Hello fellow travellers.
Anyone had experience of Camping Tamarit near Tarragona.
Thinking of having a week there end May/June so as daughter and grandchildren can fly out for a week with us.
Your thoughts would be much appreciated.


----------



## tonka (Apr 24, 2006)

No,, But I would recommend Salou...
Several sites there, our fav is camping la siesta.
Close to Reus airport and they can get the bus from airport into town.
Watch out on the taxi's they can be very expensive for a short trip..
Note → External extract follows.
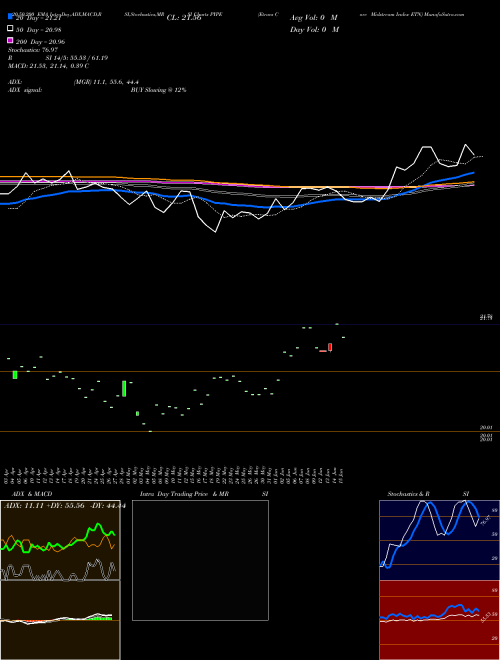 Etracs Core Midstream Index ETN PYPE Support Resistance charts Etracs Core Midstream Index ETN PYPE AMEX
Have done the trip many times when grandson was small. Drive down with him and the fly home on a cheap Ryan air or Thomson flight..
Portadventure close by as well.


----------



## didi (Oct 10, 2005)

*tamarit park*

Stayed here years ago. Has been refurbished and had log cabins added. Right on the beach but access via narrow and possibly muddy lane. Found it expensive after refurbishment. Village, a walk along the beach but no shops nearby.
Didi.


----------



## didi (Oct 10, 2005)

*tamarit park*

Stayed here years ago. Has been refurbished and had log cabins added. Right on the beach but access via narrow and possibly muddy lane. Found it expensive after refurbishment. Village, a walk along the beach but no shops nearby.
Didi.


----------



## metblue (Oct 9, 2006)

*campsite*

Hi richieboy, never been to that site !! we always go to www.La Siesta.es campsite, has everything onsite, great for small and big kids, short walk into centre of town and the beach,15 mins from Port Adventura
Coaches leave daily from large round about 5 mins from campsite entrance to all points in Spain and only a 20 min coach ride to/from Rues Airport.
We are returning there in June for several weeks, !! cant wait


----------